Refactor(linear): split LinearBackward kernel into 3 independent kernels by chen2021673 · Pull Request #142 · InfiniTensor/InfiniTrain

chen2021673 · 2026-04-10T07:33:18Z

Summary

Architecture refactoring of Linear/Matmul/Outer kernels.

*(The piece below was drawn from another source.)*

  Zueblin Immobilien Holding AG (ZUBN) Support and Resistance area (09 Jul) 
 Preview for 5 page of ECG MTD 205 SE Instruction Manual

The core idea is separation of concerns — moving the decision of whether a gradient should be computed from the kernel layer up to the autograd layer, making kernels pure compute functions. At the same time, unified GEMM/SGEMV primitives are abstracted at the bottom layer to eliminate duplicated cuBLAS boilerplate.

Changes

Autograd layer: LinearBackward and MatmulBackward are each decomposed into multiple independent Dispatcher calls. The needs_input_grad checks happen at the autograd layer, invoking only the kernels actually needed.
Kernel layer: The monolithic LinearBackward is split into LinearBackwardInput / LinearBackwardWeight / LinearBackwardBias; MatmulBackward is split into MatmulBackwardInput / MatmulBackwardOther, with naming aligned to MatmulForward(input, other).
File split: Matmul kernels are extracted from linear.cc / linear.cu into dedicated cpu/matmul.cc and cuda/matmul.cu, giving each file a single responsibility.
GEMM primitive: New gemm.cuh / gemm.cu define the GemmParams struct and GemmCuda(), providing a unified wrapper over cublasGemmEx and cublasGemmStridedBatchedEx branching logic. GetCublasHandle() / GetCudaStream() are centrally defined and shared across linear.cu, matmul.cu, and outer.cu, eliminating duplicate definitions.
SGEMV primitive: New SgemvParams struct and SgemvCuda() wrap the cublasSgemv call. LinearForward and LinearBackwardInput in linear.cu take the SGEMV path when bs==1 and fp32 (more efficient for matrix-vector shapes); bf16 falls back to GemmCuda since cublasSgemv does not support it. The fp32 backward path in outer.cu is migrated to SgemvCuda as well, eliminating inline cublasSgemv calls.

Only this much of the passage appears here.